Art Tickles – The Story Mechanic

Originally written for Haywire Magazine.

Taylor Hidalgo can’t tell a carburetor from a crankshaft, but knows all about the gears turning in stories.

There is a distinct difference between a game that tells the player a story, and a game whose player makes the story. Sandbox games, in particular, are very effective at this sort of craft. Whatever emerges from the mechanics tells its own tale, something that the programmers can scarcely dream of emerging from a mechanic, rather than being made to produce that effect. While the narratives created are often simple, usually a narrative of cartoonish violence or abstract circumstance, there’s still something endearing about storytelling coming from player action rather than scripted reaction.

As games evolve, this has become increasingly organic. The complex nature of the mechanics makes stories that can’t really be replicated with other media. Someone reading a novel, for instance, won’t arrive at a different ending by reading it fifty or sixty times. A movie won’t have its ending altered by being watched by hundreds of different audience members rather than one or two. Games, however, will produce their own little narratives within the mechanics. Stories of how someone traveled the cold, heartless wastes of the D.C. area in Fallout 3 without firing a single round, for instance, aren’t something that’s possible by watching Mad Max several times. Likewise, five different players on Gunpoint might all have wildly different experiences with the same stage, whereas those same five watching a Noir film might have very similar feelings.

At their core, though, games aren’t built that dissimilarly from their cinema or literature counterparts. Their stories are direct sequences of events producing scripted results and coalescing to a completion at a set point, often providing the same ending for people who played the game differently. To return to an earlier example, a player who approaches Fallout 3 as a boxer exclusively punching their enemies to death will ultimately reach the same main storyline sequence as someone who primarily resolved issues through speech, theft or diplomacy. While the subplots may have different results, the core narrative of a child leaving the vault to find their father will always end the same way. Mechanics are the key difference there, but mechanics can only tell part of a story.

Fallout32Stories are told exclusively through player successes, rather than player failures. Again, to use Fallout 3, the main story arc has no narrative cases for the player failing to get to an objective on time, or a player dying before reaching the ultimate decision. All of its goings-on have very tightly scripted sequences, and any variance from that will produce a Game Over rather than a variation on the story. Mechanically, a player cannot apply lateral thinking, or abstract solutions, to create unique results. Regardless of their actions, short of never completing the game, endings will often be identical from player to player.

This is because games’ narratives are disconnected from their mechanics. What happens between cutscenes is of little consequence to how the cutscenes will go. Games that factor in player behavior often do so at a rudimentary level, piggybacking on some recordable metric like morality bars or reputations with various in-game factions. These are neat, but rarely very meaningful from a narrative standpoint. The resulting disconnect is something that is likewise unique to games, for the same reason. How a player interacts with a game is the only major difference between games and comparable media, so naturally the narrative devices and tropes won’t translate perfectly from game to movie, or vice versa.

Not all games have this divide, though.
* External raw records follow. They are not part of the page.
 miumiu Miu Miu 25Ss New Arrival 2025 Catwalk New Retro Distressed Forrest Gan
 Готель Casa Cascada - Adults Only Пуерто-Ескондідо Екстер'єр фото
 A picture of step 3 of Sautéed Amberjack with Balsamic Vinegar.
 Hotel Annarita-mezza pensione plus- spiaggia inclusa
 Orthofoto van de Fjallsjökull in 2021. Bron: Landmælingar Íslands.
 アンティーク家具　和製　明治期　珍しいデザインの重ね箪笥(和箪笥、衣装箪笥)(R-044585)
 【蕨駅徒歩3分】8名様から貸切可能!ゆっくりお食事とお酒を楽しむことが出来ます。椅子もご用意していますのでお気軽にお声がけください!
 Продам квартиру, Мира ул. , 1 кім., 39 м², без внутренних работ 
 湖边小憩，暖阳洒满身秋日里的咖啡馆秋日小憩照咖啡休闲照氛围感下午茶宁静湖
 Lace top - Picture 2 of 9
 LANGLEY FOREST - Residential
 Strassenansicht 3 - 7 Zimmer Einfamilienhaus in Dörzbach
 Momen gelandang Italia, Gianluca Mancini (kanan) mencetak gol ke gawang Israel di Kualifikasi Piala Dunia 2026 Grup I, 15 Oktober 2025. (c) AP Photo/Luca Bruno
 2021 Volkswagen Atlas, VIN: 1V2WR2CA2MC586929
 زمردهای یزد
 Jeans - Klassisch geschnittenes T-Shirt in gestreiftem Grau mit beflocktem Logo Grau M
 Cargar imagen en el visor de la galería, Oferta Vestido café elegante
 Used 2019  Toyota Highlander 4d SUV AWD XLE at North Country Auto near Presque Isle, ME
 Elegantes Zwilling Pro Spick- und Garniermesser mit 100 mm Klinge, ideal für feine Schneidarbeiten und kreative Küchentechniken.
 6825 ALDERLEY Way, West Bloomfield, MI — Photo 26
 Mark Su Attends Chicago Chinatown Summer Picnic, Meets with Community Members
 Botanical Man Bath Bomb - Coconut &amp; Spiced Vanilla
Tabletop games, like D&D or Pathfinder, are almost exclusively mechanics. The large books of creatures and statistics exist exclusively to give the world a framework through which the players can explore the setting and narrative. However, they don’t have the same disconnect that videogames do. The story doesn’t come from the books or setting. It is because they are formed in part by the players, and in part by the DM. The mechanics are interwoven with the narration, making it so that campaigns cannot exist without both, and the more narrative-minded DMs will even alter and retool their campaigns to reflect unexpected player interactions.

Short of developing a sentient artificial intelligence to act as virtual DMs for a game’s story, it probably won’t be until videogames discover a new ways to harmonize game mechanics with game narrative that gaming will start to see major innovations in how stories are delivered.

Not just delivered to the players, but by them.